Task item - Print the records exactly. Miss nothing.

(Dataset excerpts)
※

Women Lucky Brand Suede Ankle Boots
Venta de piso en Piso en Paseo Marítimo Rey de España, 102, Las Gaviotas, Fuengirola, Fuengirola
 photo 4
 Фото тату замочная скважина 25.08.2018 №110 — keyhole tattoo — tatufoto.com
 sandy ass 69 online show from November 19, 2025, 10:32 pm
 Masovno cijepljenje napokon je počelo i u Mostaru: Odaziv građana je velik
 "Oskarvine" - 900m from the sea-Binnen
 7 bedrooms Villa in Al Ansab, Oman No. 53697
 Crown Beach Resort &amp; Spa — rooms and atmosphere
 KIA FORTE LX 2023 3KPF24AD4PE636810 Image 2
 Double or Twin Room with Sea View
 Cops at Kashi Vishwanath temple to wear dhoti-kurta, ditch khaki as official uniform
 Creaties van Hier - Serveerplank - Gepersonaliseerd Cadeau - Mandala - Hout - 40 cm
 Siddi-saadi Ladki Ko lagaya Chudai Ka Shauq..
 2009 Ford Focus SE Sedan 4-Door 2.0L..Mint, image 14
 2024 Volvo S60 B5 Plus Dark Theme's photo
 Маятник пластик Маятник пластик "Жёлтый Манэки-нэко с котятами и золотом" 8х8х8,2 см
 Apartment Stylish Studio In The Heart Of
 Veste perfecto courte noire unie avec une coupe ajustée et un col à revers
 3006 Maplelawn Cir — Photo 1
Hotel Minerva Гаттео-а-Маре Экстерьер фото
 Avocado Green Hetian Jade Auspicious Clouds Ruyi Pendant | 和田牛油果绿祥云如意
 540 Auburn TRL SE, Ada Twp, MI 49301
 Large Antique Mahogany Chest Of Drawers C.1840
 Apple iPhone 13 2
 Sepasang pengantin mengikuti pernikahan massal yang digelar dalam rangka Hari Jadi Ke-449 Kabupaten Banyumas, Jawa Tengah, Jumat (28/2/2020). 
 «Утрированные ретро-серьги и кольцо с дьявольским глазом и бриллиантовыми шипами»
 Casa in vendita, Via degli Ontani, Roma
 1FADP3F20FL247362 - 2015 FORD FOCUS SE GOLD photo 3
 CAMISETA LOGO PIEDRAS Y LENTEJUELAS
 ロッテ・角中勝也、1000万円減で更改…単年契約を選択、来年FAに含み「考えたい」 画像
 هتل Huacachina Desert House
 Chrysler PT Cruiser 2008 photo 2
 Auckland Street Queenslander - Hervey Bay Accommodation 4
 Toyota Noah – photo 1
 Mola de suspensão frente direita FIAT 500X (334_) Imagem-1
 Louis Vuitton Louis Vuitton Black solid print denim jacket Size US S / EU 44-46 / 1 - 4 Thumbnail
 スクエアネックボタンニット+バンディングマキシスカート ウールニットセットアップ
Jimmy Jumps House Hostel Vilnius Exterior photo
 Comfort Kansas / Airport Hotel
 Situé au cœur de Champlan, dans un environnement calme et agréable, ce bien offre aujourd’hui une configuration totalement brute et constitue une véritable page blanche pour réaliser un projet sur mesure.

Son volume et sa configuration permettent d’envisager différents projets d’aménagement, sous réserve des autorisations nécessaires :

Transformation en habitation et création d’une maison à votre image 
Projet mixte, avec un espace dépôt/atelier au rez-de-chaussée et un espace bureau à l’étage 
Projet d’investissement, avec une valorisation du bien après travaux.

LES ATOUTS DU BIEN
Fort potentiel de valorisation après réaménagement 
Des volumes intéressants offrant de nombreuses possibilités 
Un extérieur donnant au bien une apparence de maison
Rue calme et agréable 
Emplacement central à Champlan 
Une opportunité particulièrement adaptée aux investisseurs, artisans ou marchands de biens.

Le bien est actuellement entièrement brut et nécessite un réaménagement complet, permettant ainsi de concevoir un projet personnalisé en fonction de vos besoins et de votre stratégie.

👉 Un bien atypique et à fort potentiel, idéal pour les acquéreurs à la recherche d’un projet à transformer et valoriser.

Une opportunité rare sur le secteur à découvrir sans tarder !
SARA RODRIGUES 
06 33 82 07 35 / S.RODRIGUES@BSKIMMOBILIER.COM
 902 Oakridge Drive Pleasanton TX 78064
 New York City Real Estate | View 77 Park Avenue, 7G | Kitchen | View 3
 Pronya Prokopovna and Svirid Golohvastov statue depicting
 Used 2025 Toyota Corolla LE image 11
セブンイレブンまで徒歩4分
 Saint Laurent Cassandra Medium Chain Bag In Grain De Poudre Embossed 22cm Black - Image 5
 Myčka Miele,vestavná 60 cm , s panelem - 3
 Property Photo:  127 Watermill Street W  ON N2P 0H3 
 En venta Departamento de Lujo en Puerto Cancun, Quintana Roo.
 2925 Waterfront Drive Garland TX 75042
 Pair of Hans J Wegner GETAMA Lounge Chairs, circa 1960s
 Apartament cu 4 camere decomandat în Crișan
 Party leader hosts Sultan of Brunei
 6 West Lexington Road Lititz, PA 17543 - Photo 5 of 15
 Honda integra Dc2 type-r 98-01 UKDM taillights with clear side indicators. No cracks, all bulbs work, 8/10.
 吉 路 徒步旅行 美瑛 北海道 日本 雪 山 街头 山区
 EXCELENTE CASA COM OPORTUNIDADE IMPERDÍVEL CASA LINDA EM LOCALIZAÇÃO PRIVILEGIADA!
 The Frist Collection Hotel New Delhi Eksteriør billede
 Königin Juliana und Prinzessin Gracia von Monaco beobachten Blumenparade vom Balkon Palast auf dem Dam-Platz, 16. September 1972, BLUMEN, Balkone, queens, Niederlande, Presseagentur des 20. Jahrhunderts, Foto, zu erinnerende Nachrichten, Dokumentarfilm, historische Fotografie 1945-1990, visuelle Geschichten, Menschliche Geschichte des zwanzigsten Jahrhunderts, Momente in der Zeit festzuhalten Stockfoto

※

Reply to the task -
Women Lucky Brand Suede Ankle Boots
Venta de piso en Piso en Paseo Marítimo Rey de España, 102, Las Gaviotas, Fuengirola, Fuengirola
 photo 4
 Фото тату замочная скважина 25.08.2018 №110 — keyhole tattoo — tatufoto.com
 sandy ass 69 online show from November 19, 2025, 10:32 pm
 Masovno cijepljenje napokon je počelo i u Mostaru: Odaziv građana je velik
 "Oskarvine" - 900m from the sea-Binnen
 7 bedrooms Villa in Al Ansab, Oman No. 53697
 Crown Beach Resort &amp; Spa — rooms and atmosphere
 KIA FORTE LX 2023 3KPF24AD4PE636810 Image 2
 Double or Twin Room with Sea View
 Cops at Kashi Vishwanath temple to wear dhoti-kurta, ditch khaki as official uniform
 Creaties van Hier - Serveerplank - Gepersonaliseerd Cadeau - Mandala - Hout - 40 cm
 Siddi-saadi Ladki Ko lagaya Chudai Ka Shauq..
 2009 Ford Focus SE Sedan 4-Door 2.0L..Mint, image 14
 2024 Volvo S60 B5 Plus Dark Theme's photo
 Маятник пластик Маятник пластик "Жёлтый Манэки-нэко с котятами и золотом" 8х8х8,2 см
 Apartment Stylish Studio In The Heart Of
 Veste perfecto courte noire unie avec une coupe ajustée et un col à revers
 3006 Maplelawn Cir — Photo 1
Hotel Minerva Гаттео-а-Маре Экстерьер фото
 Avocado Green Hetian Jade Auspicious Clouds Ruyi Pendant | 和田牛油果绿祥云如意
 540 Auburn TRL SE, Ada Twp, MI 49301
 Large Antique Mahogany Chest Of Drawers C.1840
 Apple iPhone 13 2
 Sepasang pengantin mengikuti pernikahan massal yang digelar dalam rangka Hari Jadi Ke-449 Kabupaten Banyumas, Jawa Tengah, Jumat (28/2/2020). 
 «Утрированные ретро-серьги и кольцо с дьявольским глазом и бриллиантовыми шипами»
 Casa in vendita, Via degli Ontani, Roma
 1FADP3F20FL247362 - 2015 FORD FOCUS SE GOLD photo 3
 CAMISETA LOGO PIEDRAS Y LENTEJUELAS
 ロッテ・角中勝也、1000万円減で更改…単年契約を選択、来年FAに含み「考えたい」 画像
 هتل Huacachina Desert House
 Chrysler PT Cruiser 2008 photo 2
 Auckland Street Queenslander - Hervey Bay Accommodation 4
 Toyota Noah – photo 1
 Mola de suspensão frente direita FIAT 500X (334_) Imagem-1
 Louis Vuitton Louis Vuitton Black solid print denim jacket Size US S / EU 44-46 / 1 - 4 Thumbnail
 スクエアネックボタンニット+バンディングマキシスカート ウールニットセットアップ
Jimmy Jumps House Hostel Vilnius Exterior photo
 Comfort Kansas / Airport Hotel
 Situé au cœur de Champlan, dans un environnement calme et agréable, ce bien offre aujourd’hui une configuration totalement brute et constitue une véritable page blanche pour réaliser un projet sur mesure.

Son volume et sa configuration permettent d’envisager différents projets d’aménagement, sous réserve des autorisations nécessaires :

Transformation en habitation et création d’une maison à votre image 
Projet mixte, avec un espace dépôt/atelier au rez-de-chaussée et un espace bureau à l’étage 
Projet d’investissement, avec une valorisation du bien après travaux.

LES ATOUTS DU BIEN
Fort potentiel de valorisation après réaménagement 
Des volumes intéressants offrant de nombreuses possibilités 
Un extérieur donnant au bien une apparence de maison
Rue calme et agréable 
Emplacement central à Champlan 
Une opportunité particulièrement adaptée aux investisseurs, artisans ou marchands de biens.

Le bien est actuellement entièrement brut et nécessite un réaménagement complet, permettant ainsi de concevoir un projet personnalisé en fonction de vos besoins et de votre stratégie.

👉 Un bien atypique et à fort potentiel, idéal pour les acquéreurs à la recherche d’un projet à transformer et valoriser.

Une opportunité rare sur le secteur à découvrir sans tarder !
SARA RODRIGUES 
06 33 82 07 35 / S.RODRIGUES@BSKIMMOBILIER.COM
 902 Oakridge Drive Pleasanton TX 78064
 New York City Real Estate | View 77 Park Avenue, 7G | Kitchen | View 3
 Pronya Prokopovna and Svirid Golohvastov statue depicting
 Used 2025 Toyota Corolla LE image 11
セブンイレブンまで徒歩4分
 Saint Laurent Cassandra Medium Chain Bag In Grain De Poudre Embossed 22cm Black - Image 5
 Myčka Miele,vestavná 60 cm , s panelem - 3
 Property Photo:  127 Watermill Street W  ON N2P 0H3 
 En venta Departamento de Lujo en Puerto Cancun, Quintana Roo.
 2925 Waterfront Drive Garland TX 75042
 Pair of Hans J Wegner GETAMA Lounge Chairs, circa 1960s
 Apartament cu 4 camere decomandat în Crișan
 Party leader hosts Sultan of Brunei
 6 West Lexington Road Lititz, PA 17543 - Photo 5 of 15
 Honda integra Dc2 type-r 98-01 UKDM taillights with clear side indicators. No cracks, all bulbs work, 8/10.
 吉 路 徒步旅行 美瑛 北海道 日本 雪 山 街头 山区
 EXCELENTE CASA COM OPORTUNIDADE IMPERDÍVEL CASA LINDA EM LOCALIZAÇÃO PRIVILEGIADA!
 The Frist Collection Hotel New Delhi Eksteriør billede
 Königin Juliana und Prinzessin Gracia von Monaco beobachten Blumenparade vom Balkon Palast auf dem Dam-Platz, 16. September 1972, BLUMEN, Balkone, queens, Niederlande, Presseagentur des 20. Jahrhunderts, Foto, zu erinnerende Nachrichten, Dokumentarfilm, historische Fotografie 1945-1990, visuelle Geschichten, Menschliche Geschichte des zwanzigsten Jahrhunderts, Momente in der Zeit festzuhalten Stockfoto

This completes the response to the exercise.